An amended and restated credit facility provides a $120 million borrowing base, under which PEDEVCO borrowed $87 million at closing. Following the automatic conversion, pre-transaction PEDEVCO holders are expected to own about 14.0% of the common stock, with Dr. Simon Kukes and Juniper affiliates expected to own roughly 33.1% and 52.8%, respectively. Majority shareholders holding about 70.5% of the vote approved the mergers, charter changes, reverse stock split authority, and an equity plan share increase by written consent, so no shareholder meeting or proxy is being solicited.
PEDEVCO Corp. filed an Amendment No. 2 to a prior current report related to its acquisition of North Peak Oil & Gas and Century Oil and Gas Sub-Holdings.

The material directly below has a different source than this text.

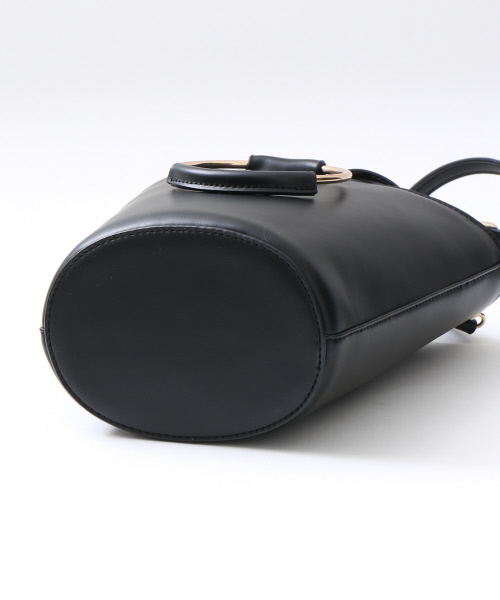 LOWELL things（ロウェル　シングス）の「リングハンドルバケツ型ショルダー（ショルダーバッグ・レディース・ネイビー/ブラック/ピンクベージュ・FREE）」の7枚目の写真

The company previously closed these mergers and raised 6,363,637 shares of Series A Preferred Stock at $5.50 per share for total proceeds of $35,000,004. North Peak owns substantial oil-weighted producing assets and leasehold interests, including approximately 281,000 net acres in the Northern DJ and Powder River Basins.
This amendment does not change the terms of the mergers or the financial results. Instead, it repackages North Peak’s audited and unaudited financial statements as searchable text and HTML tables to comply with SEC technical rules and adds an updated consent from Whitley Penn LLP so its audit report can be incorporated by reference into PEDEVCO’s existing registration statements. The pro forma financial information showing the combined company’s illustrative results is incorporated by reference and remains unchanged.